Abstract:
A seat belt system for vehicle wherein one end of a seat belt for restraining an occupant is firmly engaged with one end of a steel strip which is held and guided by an anchor member firmly attached to a vehicle body in such a way that when the impact energy acts upon the seat belt, thereby forcing the steel strip out of the anchor member, the strip may be subjected to plastic deformation at least at two positions, whereby the impact energy may be converted into the forces for bending the steel strip as the latter being pulled out of the anchor member. Thus, the impact energy acting on the occupant during a collision may be effectively and safely absorbed.

Description:
BACKGROUND OF THE INVENTION 
     The present invention relates to a safety seat belt system for use in a vehicle, especially in an automotive vehicle, which system may effectively and safely absorb the impact energy during a collision or the like. 
     There has been devised and demonstrated an impact energy absorbing device for use with a seat belt system wherein the impact energy acting upon a seat belt due to the sudden acceleration of an occupant during a collision or the like is converted into the force for bending a U-shaped steel strip. However, the greater frictional resistance is generated between the U-shaped strip and a case to which is firmly attached one end of the strip when the strip is bent so that the critical load can not be fixed. As a result, the desired impact energy absorbing characteristics cannot be attained. Furthermore since the U-shaped steel strip and the case are formed integral, in determining a set load limit not only the force for bending the U-shaped strip but also the force for shearing the U-shaped strip away from the case must be taken into consideration. Thus, the conventional energy absorbing device is not satisfactory in practice. Moreover, its energy absorbing efficiency is unsatisfactory. To improve the efficiency, the steel strip must have a greater thickness and width, thus resulting in the increase in the size of the shock absorbing device. Therefore, it becomes impossible to install the energy absorbing device in the space above the shoulder of an occupant. 

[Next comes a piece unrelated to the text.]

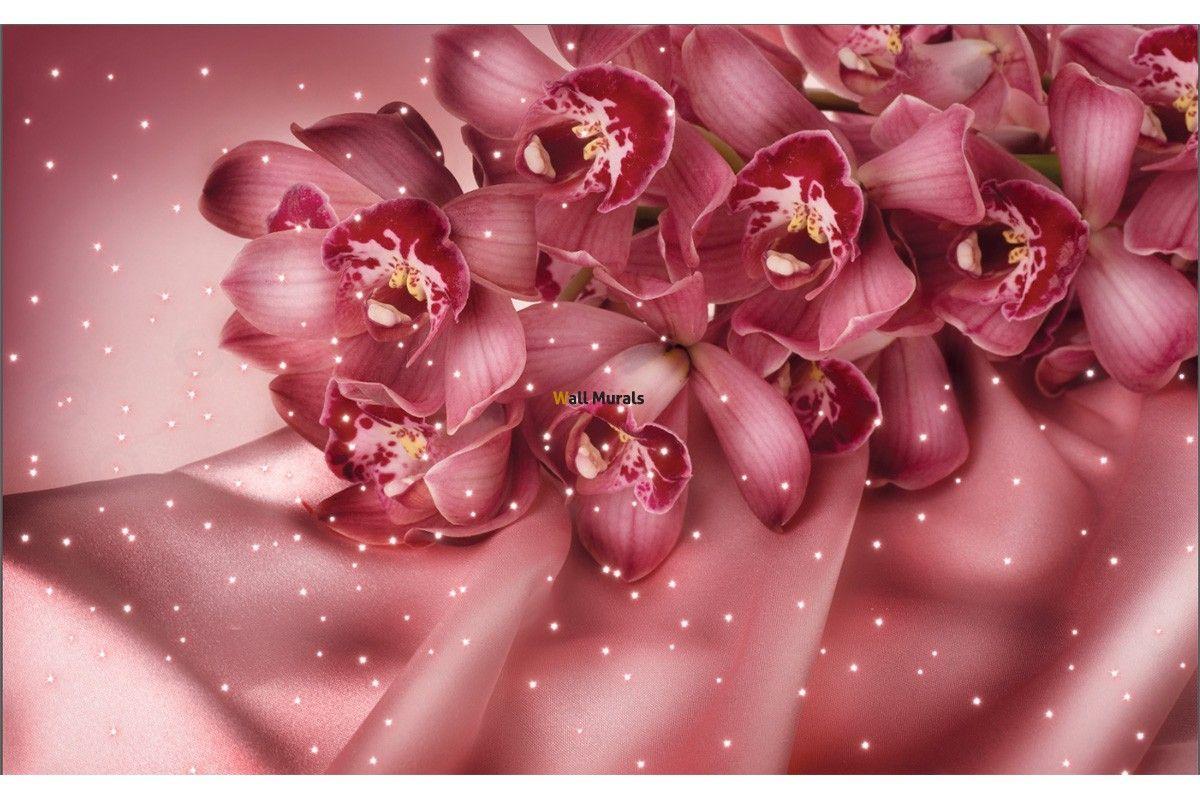 Coral Flower Wallpapers Top Free Coral Flower Backgrounds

     SUMMARY OF THE INVENTION 
     One of the objects of the present invention is to provide a vehicle seat belt system which has a higher impact energy absorbing efficiency than any of the conventional seat belt systems. 
     A further object of the present invention is to provide a vehicle seat belt system which is compact in size yet capable of attaining the desired energy absorbing characteristics. 
     Briefly stated, to the above and other objects, the present invention provides a vehicle seat belt system comprising a seat belt for restraining an occupant, a metal strip having one end thereof firmly engaged with one end of said seat belt, an anchor member firmly attached to a vehicle body for holding and guiding said strip in such a way that when said strip is forced to be pulled out by the impact exerted to the seal belt, the strip may be subjected to bending at least at two positions. 
     The above and other objects, features and advantages of the present invention will become more apparent from the following description of illustrative embodiments thereof taken in conjunction with the accompanying drawings. 
    
    
     BRIEF DESCRIPTION OF THE DRAWING 
     FIG. 1 is a top view of a first embodiment of the present invention; 
     FIG. 2 is a sectional view taken along the line II--II of FIG. 1; 
     FIG. 3 is a perspective view showing the first embodiment installed in an automotive vehicle; 
     FIG. 4 is a sectional view of the first embodiment used for explanation of the mode of operation thereof; 
     FIG. 5 is a sectional view of a second embodiment of the present invention; 
     FIG. 6 is a top view of a third embodiment of the present invention; 
     FIG. 7 is a sectional view taken along the line VII--VII of FIG. 6; 
     FIG. 8 is a perspective view of a fourth embodiment of the present invention, the walls of a case being partly broken away; 
     FIG. 9 is a top view of one of the U-shaped srips used in the fourth embodiment; 
     FIGS. 10 and 11 are views used for explanation of the mode of operation of the fourth embodiment; and 
     FIG. 12 is a sectional view of a fifth embodiment of the present invention. 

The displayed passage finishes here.